Bild: Schautafeln vor dem Brandenburger Tor
Wie war das damals? Bürger beim "Tag für die Demokratie".

Bild: Pantomime mit weißen Rosen in der Hand


Lebendiges Gedenken an das Kriegsende

Auch die frostige Kälte und das verspätete Aprilwetter hat die Menschen nicht abhalten können, zum Brandenburger Tor zu kommen. Und als dann ein warmer Sonnenstrahl über den fadenfeinen Nieselregen siegt, ist sofort gute Laune da. Die Schirme klappen zu, junge Nachwuchspolitiker verteilen Flyer, auf der Hüpfburg herrscht Hochbetrieb. Tausende sind gekommen – um sich zu erinnern und um zu feiern: Denn vor 60 Jahren endete der Zweite Weltkrieg und damit die nationalsozialistische Schreckensherrschaft in Europa.

Auf der Bühne haben sich Prominente und Zeitzeugen eingefunden, die von dem Ereignis berichten. Da ist etwa Marcel Reich-Ranicki, der erzählt, wie er vor genau 60 Jahren einen Freudenschuss gen Himmel schickte – sein erster und letzter Schuss überhaupt. Andere schlagen die Brücke in die Gegenwart: Herbert Grönemeyer erntet tosenden Applaus mit der Forderung, den Rechtsradikalen in Deutschland keinen Millimeter Platz zu geben. Und Michel Friedman betont, dass noch mehr getan werden müsse, um Tendenzen gegen den Pluralismus in Deutschland zu bekämpfen.

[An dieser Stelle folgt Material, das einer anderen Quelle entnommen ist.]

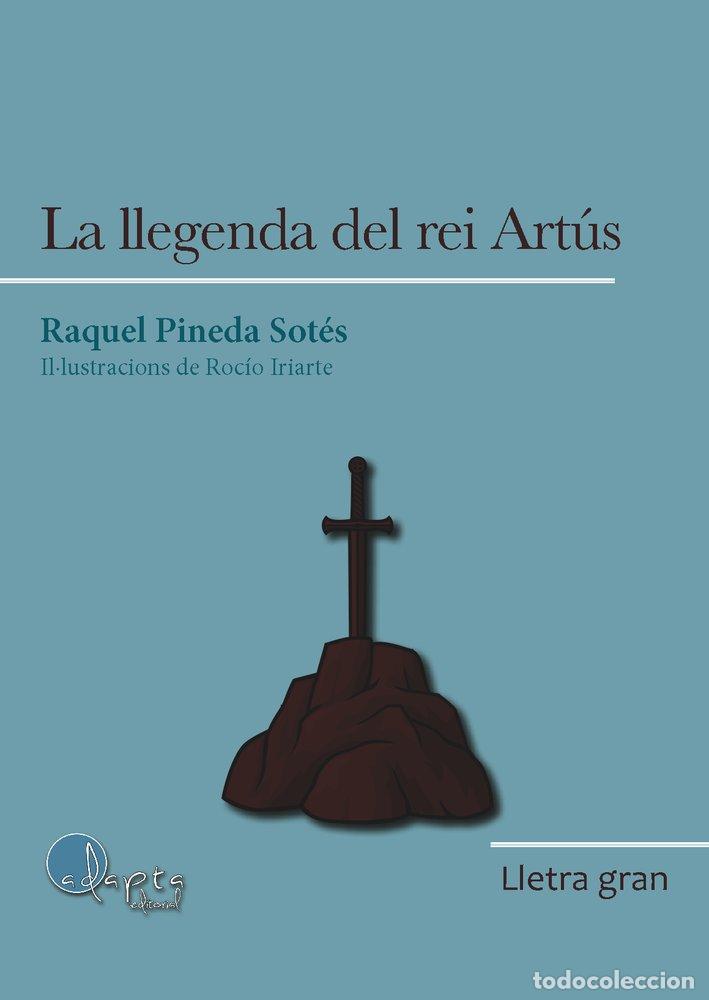 Libri: LG LA LLEGENDA DEL REI ARTUS - PINEDA SOTES, RAQUEL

Erinnerung schwindet, wenn sie nicht wach und lebendig gehalten wird. „Immer mehr Leute wissen nicht, was vor 60 Jahren geschehen ist. Rechtsradikale versuchen, diesen Tag für ihre Zwecke zu missbrauchen“, sagt Holger Michel, Organisator des „Tags für die Demokratie“. Um dem entgegenzuwirken, hat der 24-Jährige nicht nur Politiker und Prominente, sondern auch engagierte Musiker ans Brandenburger Tor geholt. So etwa The Titans aus Stuttgart, die einen Song für den „Tag der Demokratie“ geschrieben haben und durch ihre internationale Zusammensetzung selbst ein Bespiel für Pluralismus sind. „Vergessen ist so leicht“, singt Clueso und die Prinzen fordern das Publikum auf, so laut zu singen, „dass sich kein Nazi hertraut“.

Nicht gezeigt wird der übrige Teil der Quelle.